HAProxy + Keepalived: Production HA Load Balancer Setup
The Standard HA Load Balancer Pattern
HAProxy alone is single-point-of-failure. Keepalived alone doesn't load-balance. Together, they form the most common open-source HA load balancer architecture:
- Keepalived manages a virtual IP (VIP) that floats between two servers
- HAProxy on each server handles the actual load balancing
- Clients connect to the VIP — they never know which HAProxy is active
This guide builds a complete setup: two load balancer nodes, one VIP, HAProxy distributing to three backend web servers.
Environment
VIP: 192.168.1.100 (shared, managed by Keepalived)
LB01: 192.168.1.10 (master)
LB02: 192.168.1.11 (backup)
Backends:
web01: 192.168.1.20:80
web02: 192.168.1.21:80
web03: 192.168.1.22:80
Step 1: Install HAProxy and Keepalived on Both Nodes
# RHEL/Rocky
sudo dnf install haproxy keepalived -y
# Ubuntu
sudo apt install haproxy keepalived -y
sudo systemctl enable haproxy keepalived
Step 2: Configure HAProxy (Identical on Both Nodes)
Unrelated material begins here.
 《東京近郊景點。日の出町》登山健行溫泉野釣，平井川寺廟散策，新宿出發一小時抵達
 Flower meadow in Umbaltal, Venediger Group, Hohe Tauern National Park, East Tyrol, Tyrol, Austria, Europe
Edit /etc/haproxy/haproxy.cfg:
global
log /dev/log local0
log /dev/log local1 notice
chroot /var/lib/haproxy
stats socket /run/haproxy/admin.sock mode 660 level admin expose-fd listeners
stats timeout 30s
user haproxy
group haproxy
daemon
maxconn 50000
defaults
log global
mode http
option httplog
option dontlognull
option forwardfor
option http-server-close
timeout connect 5s
timeout client 50s
timeout server 50s
retries 3
# Stats page
frontend stats
bind *:8404
stats enable
stats uri /stats
stats refresh 10s
stats auth admin:strongpassword
stats hide-version
# HTTP frontend
frontend http_front
bind *:80
# Redirect to HTTPS
redirect scheme https code 301 if !{ ssl_fc }
# HTTPS frontend
frontend https_front
bind *:443 ssl crt /etc/haproxy/certs/example.com.pem alpn h2,http/1.1
default_backend web_servers
# X-Forwarded headers
http-request set-header X-Forwarded-Proto https
http-request set-header X-Real-IP %[src]
# Rate limiting by source IP
stick-table type ip size 100k expire 30s store conn_cur,conn_rate(30s)
http-request track-sc0 src
http-request deny deny_status 429 if { sc_conn_rate(0) gt 100 }
# Backend pool
backend web_servers
balance roundrobin
option httpchk GET /health HTTP/1.1\r\nHost:\ example.com
# Servers with health checks
server web01 192.168.1.20:80 check inter 5s fall 3 rise 2
server web02 192.168.1.21:80 check inter 5s fall 3 rise 2
server web03 192.168.1.22:80 check inter 5s fall 3 rise 2 backup
Combine certificate + key for HAProxy:
cat /etc/letsencrypt/live/example.com/fullchain.pem \
/etc/letsencrypt/live/example.com/privkey.pem \
> /etc/haproxy/certs/example.com.pem
chmod 600 /etc/haproxy/certs/example.com.pem
Test and start:
sudo haproxy -c -f /etc/haproxy/haproxy.cfg
sudo systemctl start haproxy
Step 3: Configure Keepalived
LB01 (Master) — /etc/keepalived/keepalived.conf
global_defs {
router_id LB01
script_user root
enable_script_security
}
vrrp_script check_haproxy {
script "pgrep haproxy"
interval 2
weight -30
fall 2
rise 2
}
vrrp_instance VI_1 {
state MASTER
interface eth0
virtual_router_id 51
priority 100
advert_int 1
authentication {
auth_type PASS
auth_pass vrrppass
}
virtual_ipaddress {
192.168.1.100/24 dev eth0 label eth0:vip
}
track_script {
check_haproxy
}
notify_master "/usr/local/bin/haproxy-notify.sh MASTER"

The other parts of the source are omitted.